Let \(p\) denote the number of possible partitions of \(n\). Then \(p\) is also the number of distinct ways in which \(n\) identical balls can be placed in \(n\) identical boxes such that some of the boxes could be empty.

To count the number of possible partitions of \(2n\) into \(n\) parts, consider placing \(2n\) identical balls in \(n\) identical boxes such that all boxes are occupied. One way to do this is to first place one ball in each box, and then distribute the remaining \(n\) balls in the \(n\) boxes. The number of ways we can do the latter is the number of possible partitions of \(n\). Thus, the number of possible partitions of \(2n\) into \(n\) parts is also \(p\). Therefore, the ratio sought is \(1\).
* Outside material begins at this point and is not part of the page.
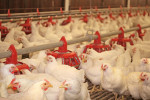 Evaluación de la eficacia de Zeotek y otros aditivos  antimicotoxinas en el control de una contaminación múltiple de micotoxinas en pollo de engorda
Wonderwice Margera solved this puzzle:

The ratio is \(1\). Any partition of \(2n\) into \(n\) parts corresponds to a unique partition of \(n\) obtained by subtracting \(1\) from each part and ignoring the parts that become \(0\). Similarly, any partition of \(n\) can have at most \(n\) parts. Pad this to \(n\) parts by adding as many zeroes as required. Now add \(1\) to each part. This gives a unique partition of \(2n\) into \(n\) parts corresponding to this partition of \(n\).

Therefore, we get a bijection from the set of partitions of \(2n\) into \(n\) parts to the set of partitions of \(n\), which proves that the two sets have the same cardinality.

An example will make this clear. For \(n = 2\), the partitions of \(n\) are \((2)\) and \((1, 1)\). The partitions of \(2n\) into \(n\) parts are \((3, 1)\) and \((2, 2)\). \((2)\) corresponds to \((2 + 1, 0 + 1) = (3, 1)\). \((1, 1)\) corresponds to \((1 + 1, 1 + 1) = (2, 2)\).

Ilan Mayer solved this puzzle:

Each partition of \(2n\) into \(n\) parts contains numbers in the range \(1\) to \(n + 1\).

Subtracting \(1\) from each number and discarding the \(0\)s thus results in a partition of \(n\).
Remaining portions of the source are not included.